Someday we hope U.S. officials will explain to us how in scarcely a year they managed to turn one of our closest allies in ousting Saddam Hussein into an opponent of American purposes. We’re referring to Ahmed Chalabi, the member of the Iraqi Governing Council whose home and office were raided by coalition forces yesterday in Baghdad.

Wow. Just, wow. Added bonus, three paragraphs later:

We don’t know enough of the facts to take sides.

Are WSJ readers really this stupid?

 

Comments: 4

 
 
 

Are WSJ readers really this stupid?

Hee, hee, uh, uh, huh mmph uh. . Yes!

Very few WSJ subscribers take the editorial page seriously.
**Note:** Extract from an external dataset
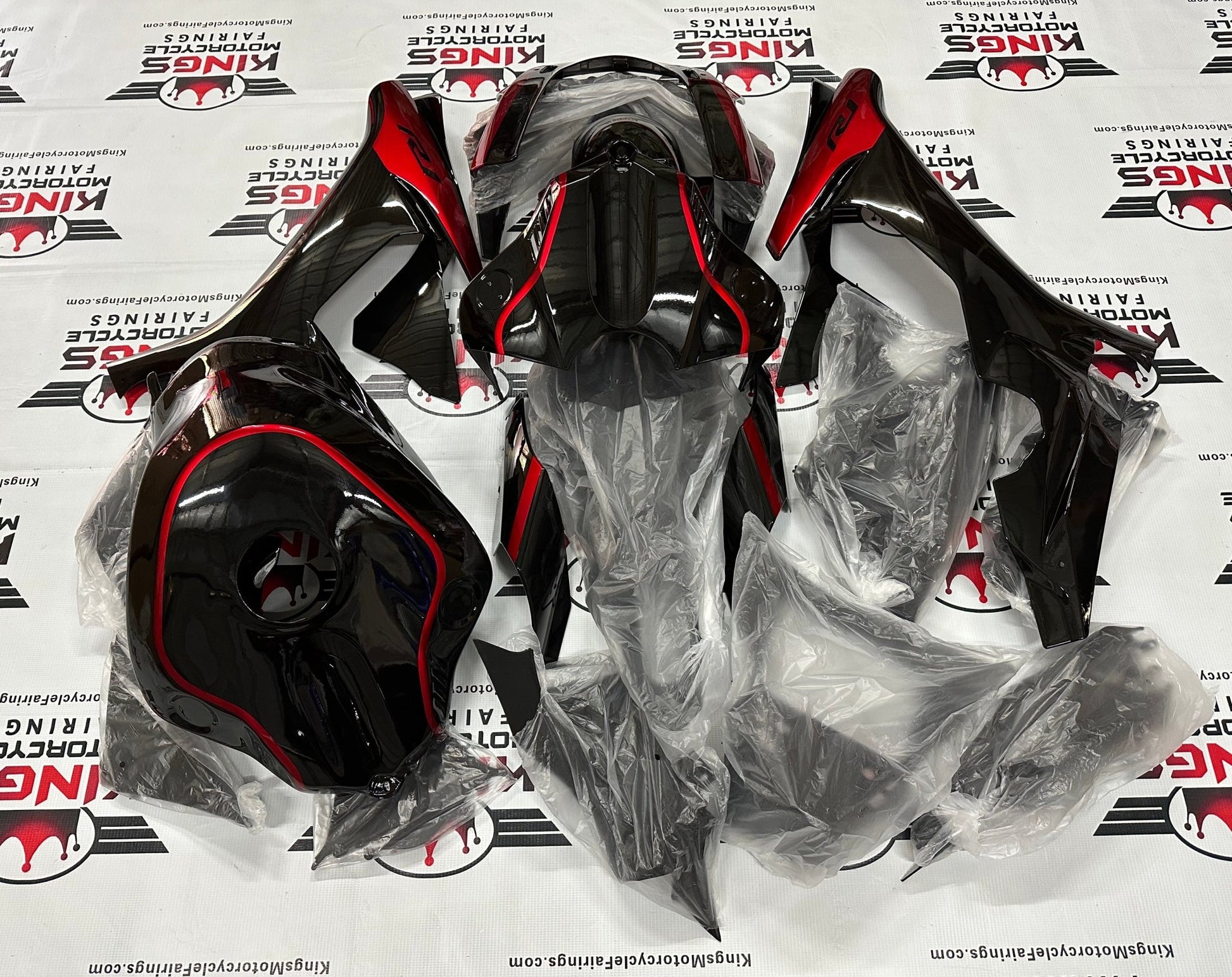 Yamaha YZF-R1 Fairing set (2015-2019) Black, Red Stripe at KingsMotorcycleFairings.com.JPG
It’s welfare for conventionally unemployable hacks who churn out snake oil for the future victims of the ownership society. The number of financially struggling idiots who are convinced they’re going to hit it big once they adopt the right attitude could keep a satirist employed for millenia.

The news reporting was still pretty good last time I checked.

 
 

Chalabi. A man who will probably be immortalized as a noun, an adjective and a verb.

Examples:

He is such a chalabi.
That is such a chalabi idea.
Are you going to chalabi him?

 
 

The Wall Street Journal lets the crazy relatives in its attic pace back and forth on the editorial page. That seems to keep them from hampering the real reporters downstairs.

 
 

I cancelled a WSJ gift subscription because I got sick of the deranged ravings of the editorial page, where Israel is an innocent little beacon of democracy inexplicably hated by those rascally Arabs, where Dumbya is a strong, principled, competent leader, and where people who make so little they don’t have to pay federal taxes are “lucky duckies”. The straightforward reporting was good but I could no longer in good concience subsidize the warmongering psychopaths on the editorial page. Told them as much when they asked why I was canceling. The woman sighed like she’d heard that reason before.